Stanford University, the third-richest U.S. college, plans to name Ken Frier chief investment officer, filling a position that’s been open more than two years, according to two people with knowledge of the hire.
Frier holds the same job at the employee pension plan of Hewlett-Packard Co. in Palo Alto, California, about 2 miles (3.2 kilometers) from the Stanford campus. He’ll start at the university in August, said the people, who asked not to be identified because the appointment hasn’t been made public.
Frier, 52, a graduate of Stanford Business School, will report to John Powers, chief executive officer of Stanford Management Co., which oversees the $12.6 billion endowment. Endowment board members sought an experienced manager to support Powers after the fund’s investments dropped a record 26 percent in the year ended June 30, 2009, a person with knowledge of the matter said in April.

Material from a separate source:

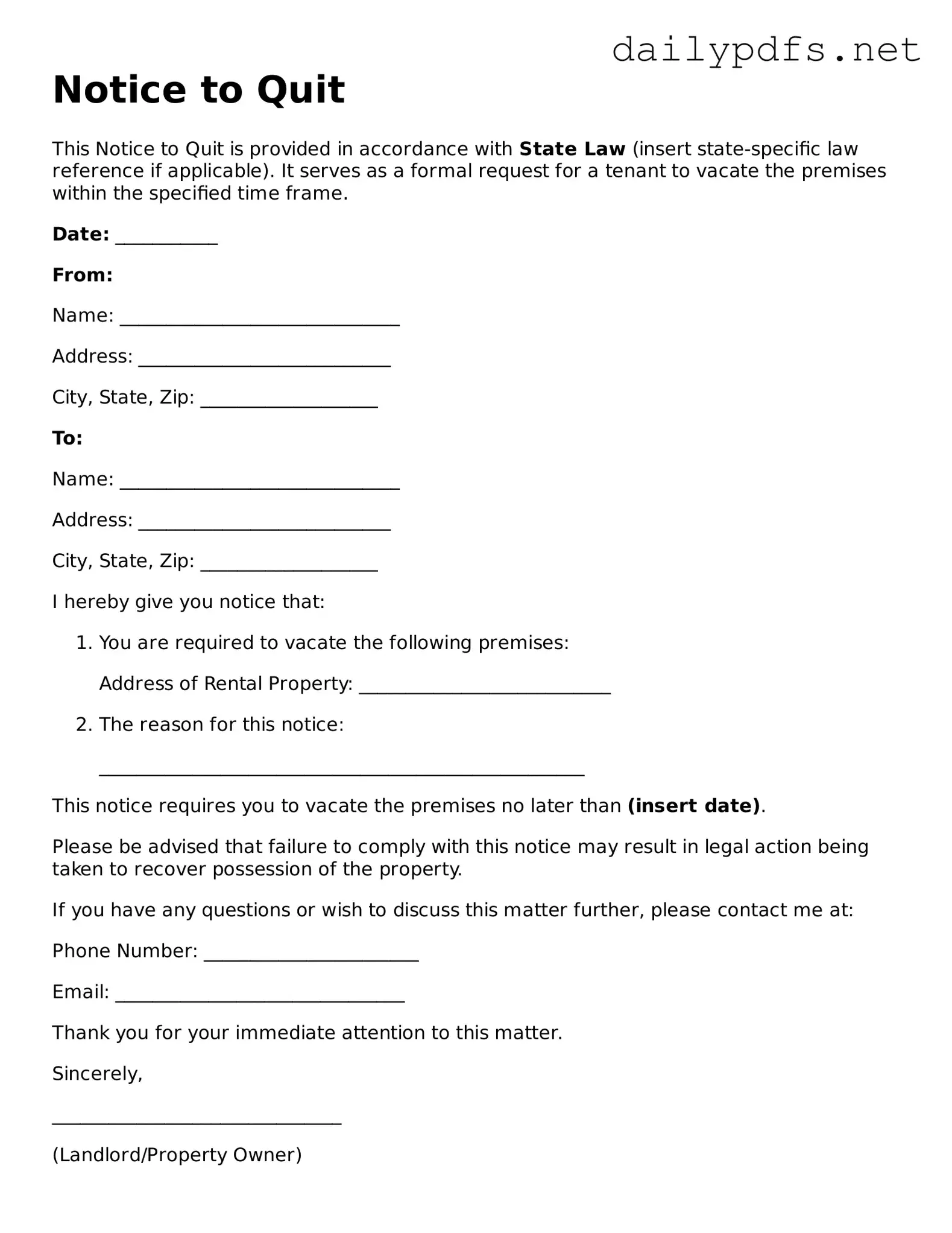 Printable Notice to Quit Document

The chief investment officer’s post has been vacant since February 2008, when Eric Upin left for Sequoia Capital, a venture capital firm in Menlo Park, California. Upin later moved to Makena Capital Management LLC, a Menlo Park money manager founded by Michael McCaffery, Powers’s predecessor at Stanford Management.
Frier joined Hewlett-Packard’s treasury department in 2000 and has run the $30 billion pension fund of the world’s largest personal-computer maker since 2007. He declined to comment, as did David Demarest, a Stanford spokesman. Hani Durzy, a spokesman for Hewlett-Packard, didn’t return a telephone call and e-mail seeking comment.
University endowments suffered record losses following the September 2008 bankruptcy of Lehman Brothers Holdings Inc., triggering layoffs, spending reductions and delays in capital projects. Investments at Harvard University, in Cambridge, Massachusetts, fell 27 percent in the year ended June 2009, while holdings at Yale University of New Haven, Connecticut, declined 25 percent.
Harvard’s $26 billion endowment is the largest among U.S. colleges, while Yale’s $16 billion fund ranks second.
Stanford, in the wake of the financial crisis, dismissed 412, or 3.2 percent, of its non-faculty workers and postponed $1.1 billion in construction. As financial markets recovered in 2009, Powers explored selling as much as $1 billion of its private-equity, distressed-debt and energy funds to take advantage of rising prices. He canceled the sale in December.
The search for a chief investment officer was handled by David Barrett Partners LLC, a recruiting company in New York.